**Problem requirements**
Repeat everything in the data exactly except images.

**Input data**
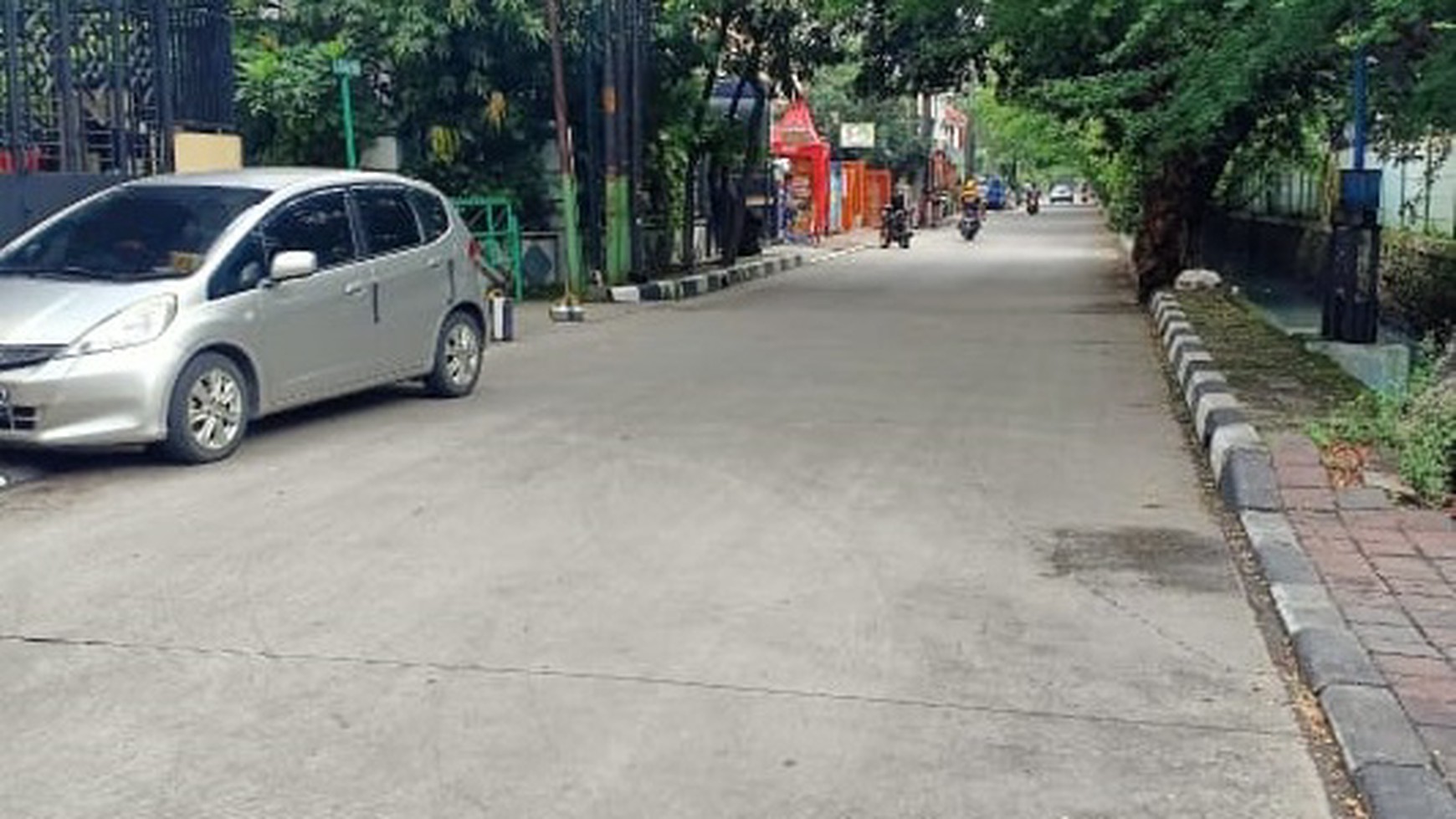 Ruko depan jalan raya di Kelapa Gading, Jakarta Utara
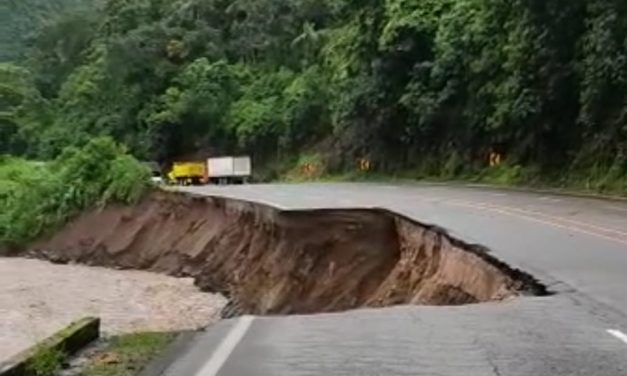 Noticias para migrantes Ecuatorianos Por fuertes lluvias colapsa un tramo de la vía Alóag-Santo Domingo – Diario La Hora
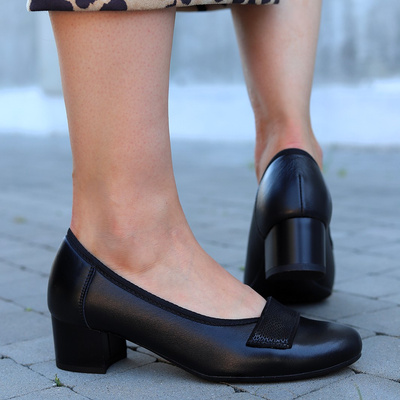 Човники жіночі шкіряні з декоративним ремінцем на колодці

**Exercise solution**
 Ruko depan jalan raya di Kelapa Gading, Jakarta Utara
 Noticias para migrantes Ecuatorianos Por fuertes lluvias colapsa un tramo de la vía Alóag-Santo Domingo – Diario La Hora
 Човники жіночі шкіряні з декоративним ремінцем на колодці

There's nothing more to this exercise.